JOPLIN, Mo.-- The U.S. Army Corps of Engineers is teaming up with FEMA to clear the miles and piles of debris.
Wednesday begins the major debris removal phase in Joplin, and officials want citizens and volunteers to separate debris as best they can along the curb in six different categories: hazardous waste; trees and other brush; appliances; electronics; furniture, carpet and other possessions; and garbage.
The U.S. Army Corp of Engineers has crews walking the streets, helping sort what already lies near the street.
89 year old Don Atteberry is thankful much of his debris has moved that far. "Volunteers was all in my yard and the house, on the porch; you couldn't come out on the porch. They cleaned it all up for me," Atteberry says.

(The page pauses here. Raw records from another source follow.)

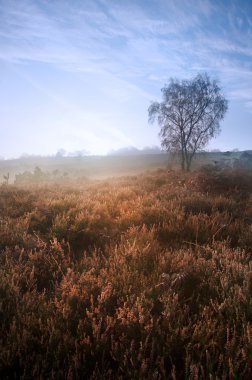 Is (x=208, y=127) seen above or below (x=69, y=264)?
above

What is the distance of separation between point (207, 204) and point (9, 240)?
5.34 meters

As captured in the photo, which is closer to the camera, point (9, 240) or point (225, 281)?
point (225, 281)

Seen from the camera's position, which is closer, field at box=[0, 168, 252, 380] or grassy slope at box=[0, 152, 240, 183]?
field at box=[0, 168, 252, 380]

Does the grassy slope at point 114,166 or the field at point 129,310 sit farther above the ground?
the grassy slope at point 114,166

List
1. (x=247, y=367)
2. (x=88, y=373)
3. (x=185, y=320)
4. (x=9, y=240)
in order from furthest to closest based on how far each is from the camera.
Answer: (x=9, y=240) → (x=185, y=320) → (x=88, y=373) → (x=247, y=367)

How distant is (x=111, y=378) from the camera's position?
244 cm

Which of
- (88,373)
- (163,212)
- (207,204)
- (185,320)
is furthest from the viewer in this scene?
(207,204)

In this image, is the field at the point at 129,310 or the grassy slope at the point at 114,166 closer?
the field at the point at 129,310

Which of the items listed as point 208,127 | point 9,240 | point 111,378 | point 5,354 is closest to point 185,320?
point 111,378

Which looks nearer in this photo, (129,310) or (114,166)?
(129,310)

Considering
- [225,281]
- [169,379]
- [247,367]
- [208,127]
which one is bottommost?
[169,379]

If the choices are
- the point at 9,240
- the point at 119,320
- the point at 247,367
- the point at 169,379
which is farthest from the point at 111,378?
the point at 9,240

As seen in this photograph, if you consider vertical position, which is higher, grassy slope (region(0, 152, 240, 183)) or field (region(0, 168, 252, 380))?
grassy slope (region(0, 152, 240, 183))

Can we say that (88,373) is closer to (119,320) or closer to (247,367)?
(119,320) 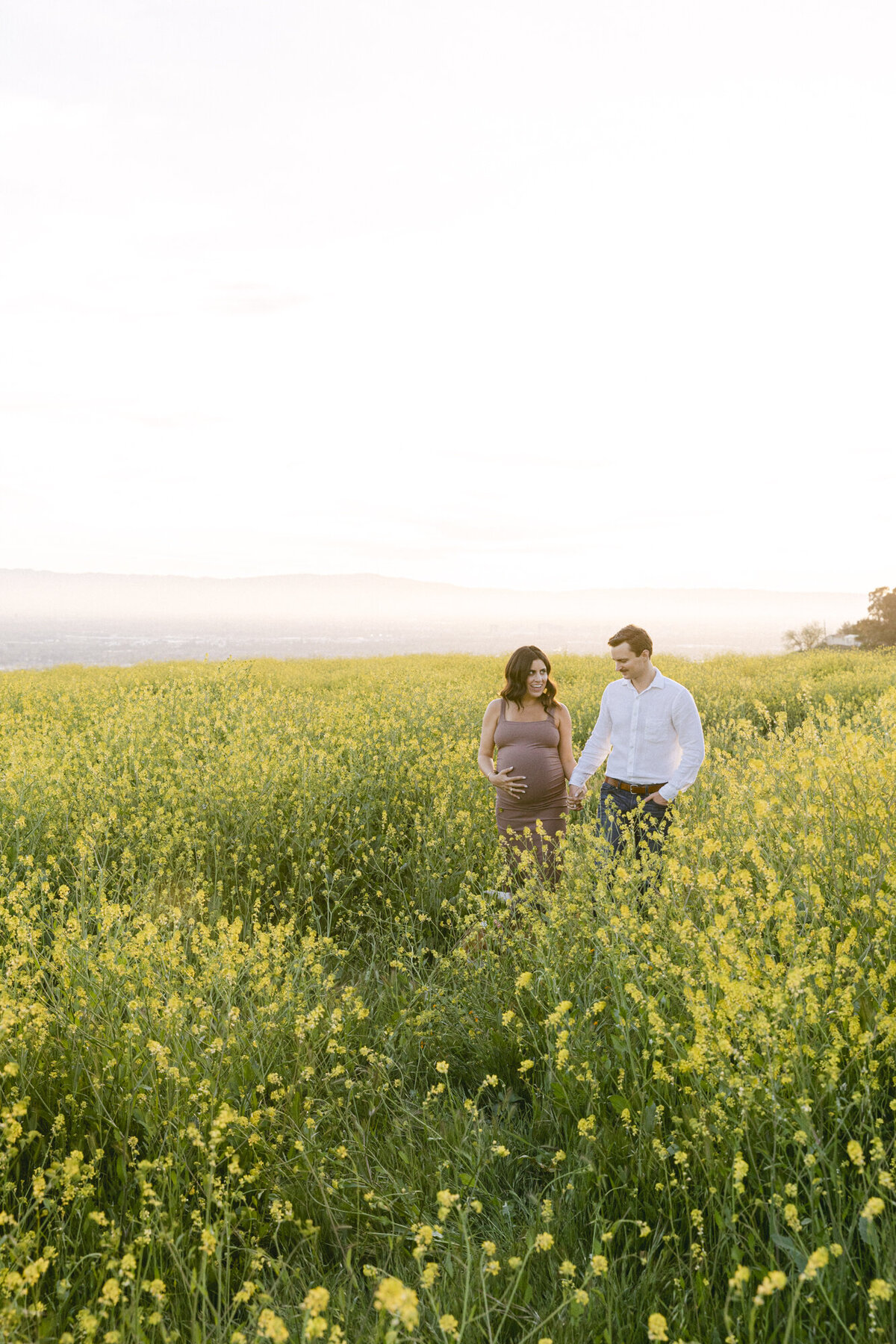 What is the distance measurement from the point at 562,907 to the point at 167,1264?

Now, Atteberry can at least sit on his porch, on the front of what's left of his home of fifty years.
"We remodeled everything in that house," Atteberry says.
Part of it is still standing, Don says thanks to the sturdy old construction, and his lovely wife. "We were married 57 years. She died three years ago, so she's watching over her family still," says Atteberry.
Atteberry actually had about a dozen of his family members over that afternoon, for Sunday dinner.
"They come over, they visit, I cook for them," says Atteberry.
Some had finished up and gone home. "They eat all they wanted, and then what's left, I'd send home with them," Atteberry says.
Then came the tornado sirens, but Don figured he'd seen it all. "Yeah, there's been five or six; I don't know. We've lost chimneys, we've lost roofing, blown some windows out in the back or stuff like that," Atteberry says.
But it was soon clear that this one came with terrible force. "When the windows started blowing out, not the windows, but the whole window sill," Atteberry says.